The "Instruction" column in the table below shows part of the code from the unrolled dot product loop in the Loop Unrolling web page. This loop code will be used in our first examples.
The "$f8", "$f10", and "$f12" columns show times that the values in the indicated registers are ready.
The "Iss" column shows when an instruction is issued in a renaming architecture.
The "Exec" column shows when an instruction begins its execution phase.
The "Rdy" column shows when the instruction completes its
execution phase and its destination operand value is ready.
For this example, it is assumed that the execution phase requires
2 cycles for l.d
, 4 cycles for add.d
,
and 20 cycles for mul.d
.
The "Comm" column shows when an instruction is committed.
Instruction | $f8 | $f10 | $f12 | Iss | Exec | Rdy | Comm |
---|---|---|---|---|---|---|---|
0 | 0 | 0 | - | - | - | - | |
l.d $f10, 0($5) | " | 2 | " | 0 | 0 | 2 | 3 |
l.d $f12, 0($6) | " | " | 3 | 1 | 1 | 3 | 4 |
mul.d $f10, $f10, $f12 | " | 23 | " | 2 | 3 | 23 | 24 |
add.d $f8, $f8, $f10 | 27 | " | " | 3 | 23 | 27 | 28 |
Other parts of this web page describe how the columns are calculated and provide some interesting examples. Later these examples are analyzed and the analysis is qualitatively extended to enhancements of the renaming architecture.
Entries in the table are calculated row-by-row. In each row the issue and execution times are computed first. Then the ready and execution times are computed. Finally the commit times are computed.
The "Iss" column shows when an instruction is issued in a renaming architecture. An instruction is issued every cycle as long as issue circuitry can get a value name (rename register number) from the values circuitry. Values circuitry can provide a value name if the number of in-flight instructions plus the number of architectural registers does not exceed the number of rename registers. We will assume that does not happen. The validity of that assumption is discussed in the "Analysis" section.

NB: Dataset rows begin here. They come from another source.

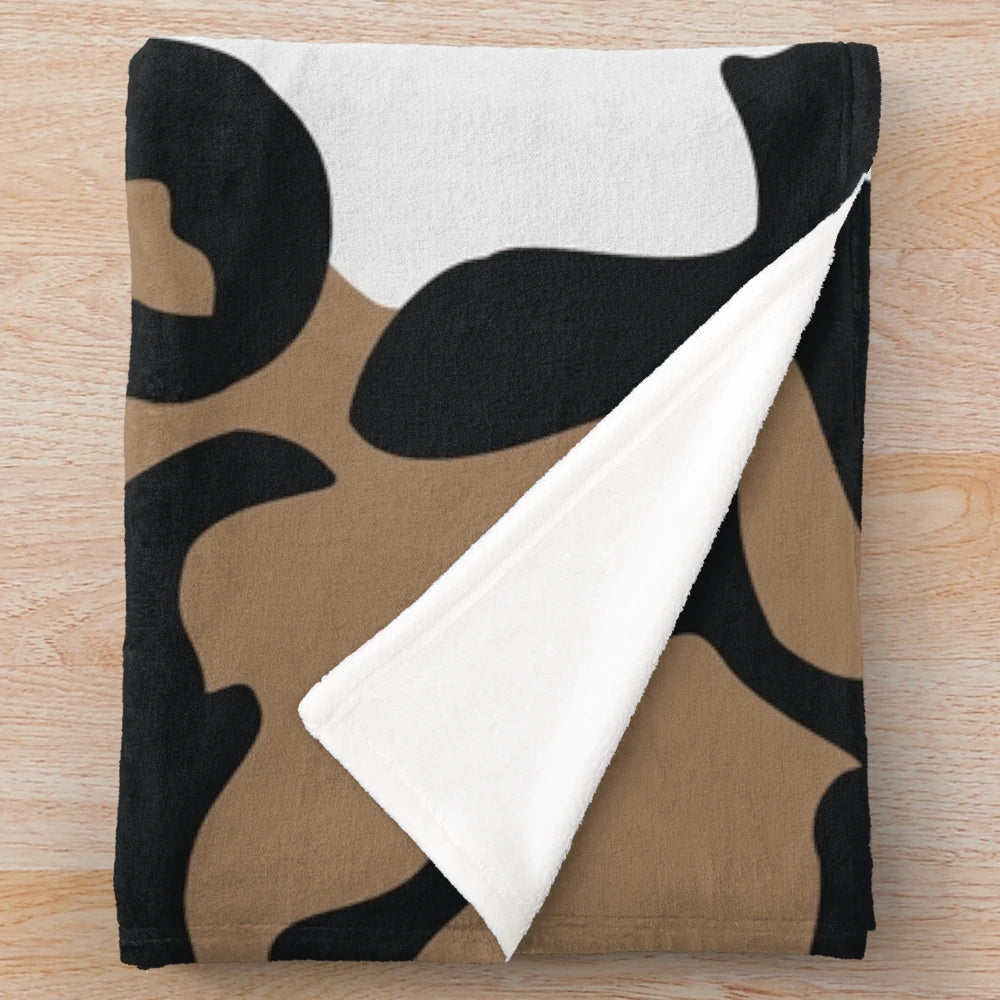 Cozy plush blanket featuring a vibrant pattern of the critically endangered African wild dog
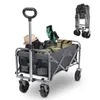 A folded and unfolded camping wagon filled with various items. Produktbild-Vorschau
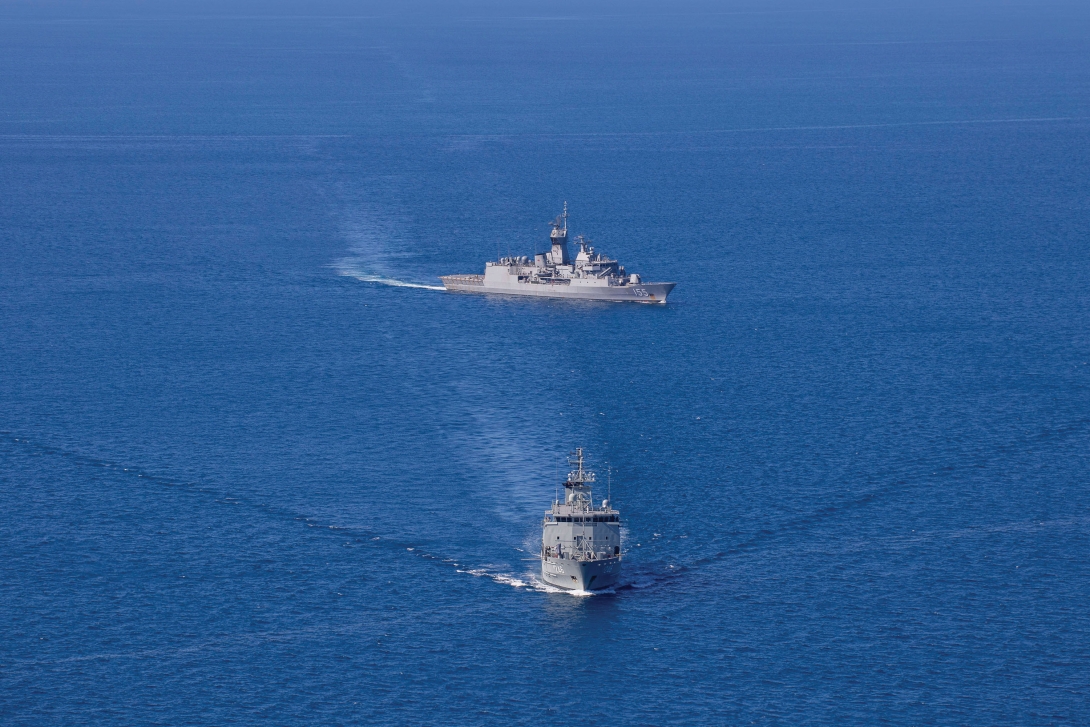 Two navy vessels conducting manoeuvres on the ocean as part of a training exercise. One vessel is moving from the left of the picture to the right whilst the other is moving straight ahead.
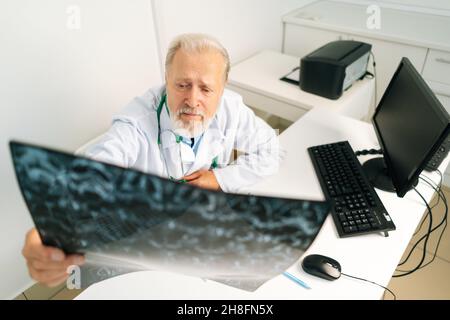 Aus der Perspektive eines erwachsenen Arztes, der die MRT-Wirbelsäulenaufnahme eines Patienten untersucht, der am Schreibtisch mit Computer im medizinischen Büroraum sitzt. Stockfoto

The "Exec" column shows when an instruction begins its execution phase. An instruction begins its execution phase after it is issued, when both of its source operand values are ready and an appropriate functional unit is available to perform the operation. We will make an idealistic assumption that there is always an available functional unit. Then the "Exec" time is the larger of the following:
The register times can be found by searching up in the columns for the source registers, which are $f10 and $f12 in the example below. This diagram shows a computed "Exec" time in blue and the values that it depends on shown in green.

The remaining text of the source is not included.